[Information shown Boundary: Start]
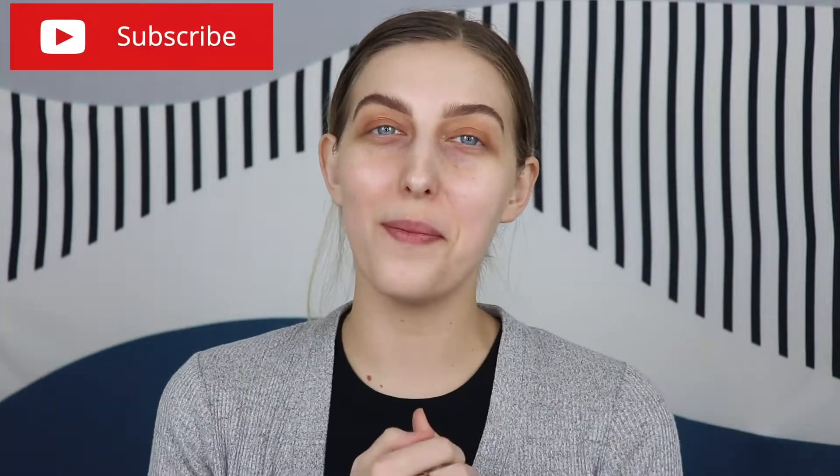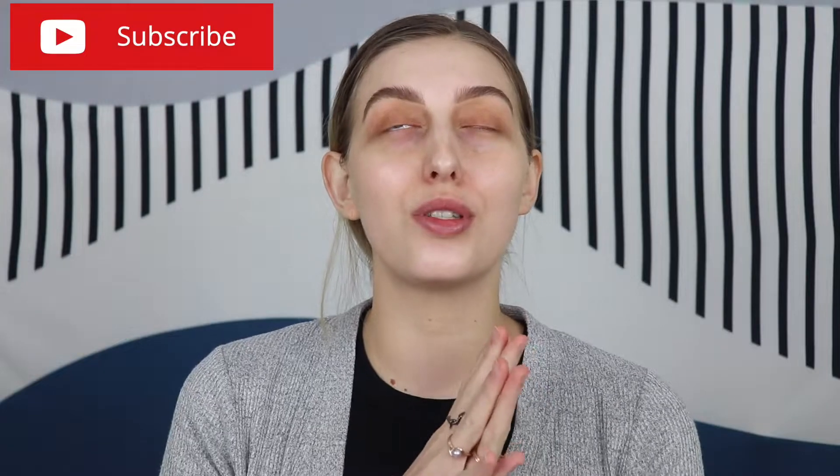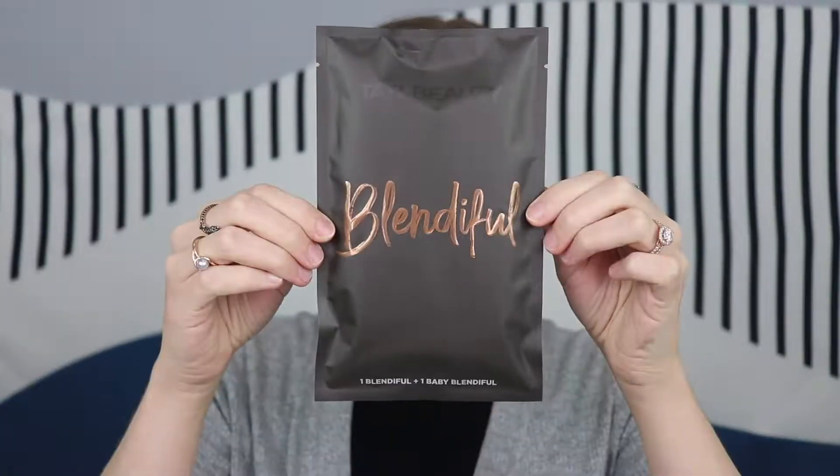Hey guys, welcome back to my channel. My name is Natasha if it is your first time here. In today's video, I am so excited. We are going to be using the Tati Beauty Blendiful Puff Sponge Makeup Applicator Tool. It is $18 and you get two of the puffs — a larger one and a smaller one.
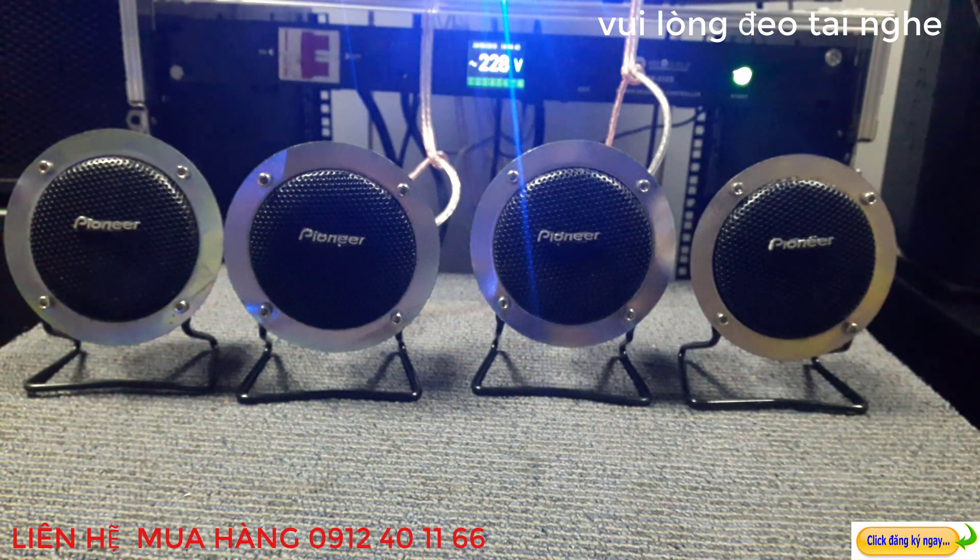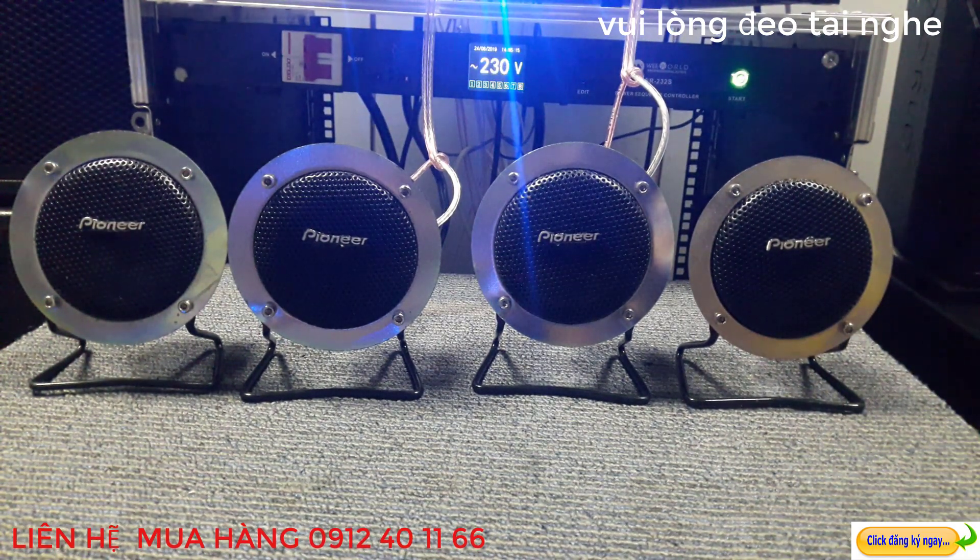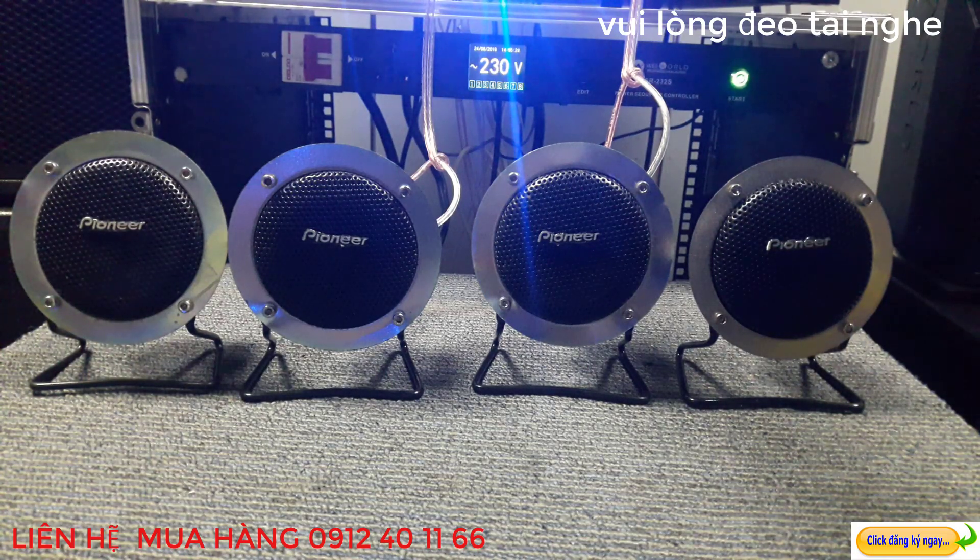Ở bên Cốc Cốc Audio chúng em thì hiện trên kênh cũng có rất nhiều dòng tép khác nhau, như dòng tép Bose hoặc là dòng tép JBL cũng hàng của bên Mexico xách tay về. Các bác cũng có thể tham khảo trên kênh Cốc Cốc Audio chúng em. Đối với hàng Nhật và những dòng tép Pioneer này thì em không cần phải nói nhiều nữa, các bác cũng đã biết được chất lượng của nó rồi. Bây giờ em xin kính mời các bác nghe thêm một đoạn nhạc này nhé.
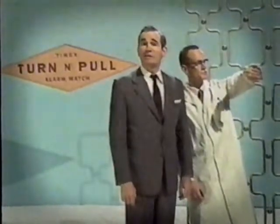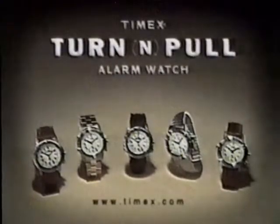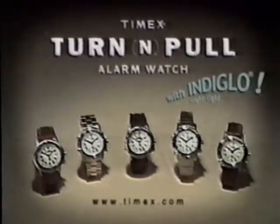Tune in next week when we discuss walking. The Timex Turn and Pull Alarm Watch — so simple, we should have thought of it years ago.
[Information shown Boundary: End]
Reprint the listing above exactly, without images.

Hey guys, welcome back to my channel. My name is Natasha if it is your first time here. In today's video, I am so excited. We are going to be using the Tati Beauty Blendiful Puff Sponge Makeup Applicator Tool. It is $18 and you get two of the puffs — a larger one and a smaller one.
Ở bên Cốc Cốc Audio chúng em thì hiện trên kênh cũng có rất nhiều dòng tép khác nhau, như dòng tép Bose hoặc là dòng tép JBL cũng hàng của bên Mexico xách tay về. Các bác cũng có thể tham khảo trên kênh Cốc Cốc Audio chúng em. Đối với hàng Nhật và những dòng tép Pioneer này thì em không cần phải nói nhiều nữa, các bác cũng đã biết được chất lượng của nó rồi. Bây giờ em xin kính mời các bác nghe thêm một đoạn nhạc này nhé.
Tune in next week when we discuss walking. The Timex Turn and Pull Alarm Watch — so simple, we should have thought of it years ago.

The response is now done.